Potere di veto paralizzante e burocrazia asfissiante: sono le due grandi tare dell’Unione. Cosa ne pensa?
So che il tema della semplificazione sta molto a cuore a chi ogni giorno cerca di creare competitività, posti di lavoro, crescita e ricchezza da redistribuire. Nel mio rapporto ho fatto una proposta che è quella del 28º Stato virtuale: creare su alcuni grandi temi una regola unica europea che superi le 27 regole nazionali diverse vigenti oggi e possa valere dovunque, in modalità opzionale: cioè starebbe alle imprese scegliere il fast track unitario per esempio nel diritto commerciale.
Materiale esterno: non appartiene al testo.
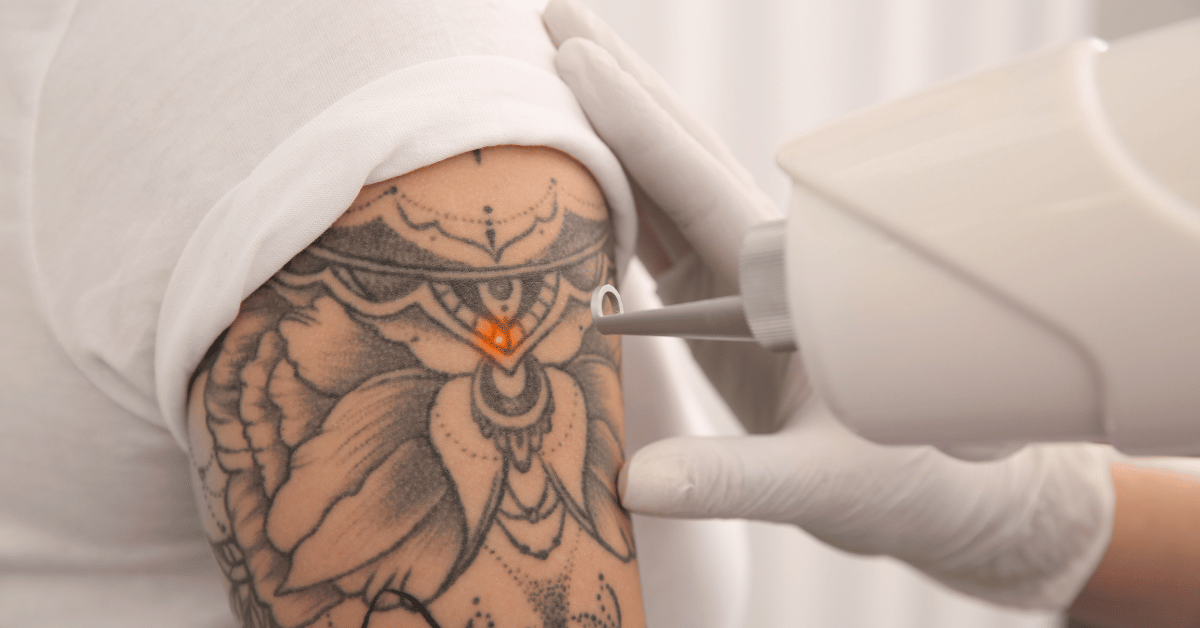 Laser Tattoo Removal treatment by Mumbai Cosmetic Centre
Oggi ogni Paese ha il suo diritto commerciale diverso dagli altri, questa non è un’unione, è un caos. Negli Stati Uniti c’è il Delaware, uno stato fisico le cui regole valgono sostanzialmente per tutti gli Stati Uniti. Di fronte all’aggressione di Trump la risposta europea deve avvenire usando tutti gli strumenti esistenti. Quello che invito a fare è di decidere di fare come ognuno di noi fa nel suo condominio e nel nostro condominio: votare a maggioranza.
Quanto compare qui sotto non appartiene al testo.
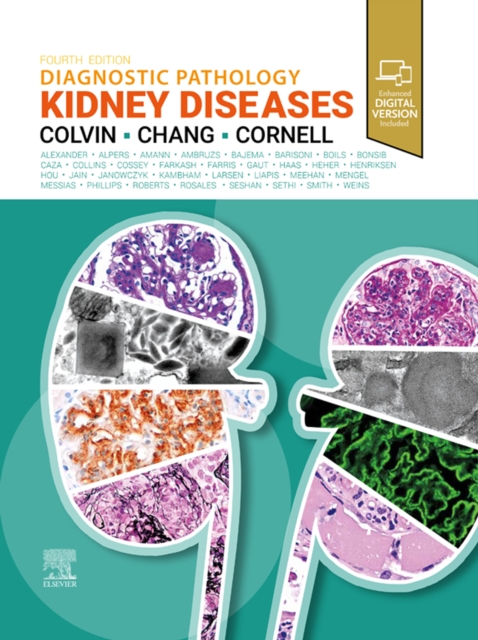 Diagnostic Pathology: Kidney Diseases E-Book, EPUB eBook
Un’idea della riforma possibile?
Io invito i Paesi membri e la Commissione a tirare dritto: quando c’è un accordo a 23 Paesi su 27 si decide e si va avanti. Questo per le imprese per la competitività è fondamentale perché se dobbiamo aspettare che ogni Paese europeo sia d’accordo alla fine non decideremo. E ovviamente questa differenza con gli ordini operativi che firma Trump sarà lampante e palese. Però mi sento di dire, in conclusione, che io sono ottimista rispetto a tutte queste cose, anche per un motivo molto semplice: Trump mi sembra che si stia dimostrando uno che non è che le azzecca tutte. Alcuni risultati non stanno andando nella direzione voluta. Alla fine, in termini geopolitici sta portando l’Europa a essere più unita. Ci sta portando di nuovo insieme alla Gran Bretagna, cosa che io ritengo essere un grandissimo risultato geopoliticamente e anche dal punto di vista per esempio dell’industria della difesa. Io propongo, nel mio rapporto, di costruire un mercato comune della difesa a 27 più anche la Gran Bretagna, la Norvegia insomma i Paesi europei che non fanno parte dell’Unione europea. E grazie a Trump questa è una cosa che oggi diventa di attualità si può realizzare ci può dare maggiore sicurezza penso che sia una strada giusta.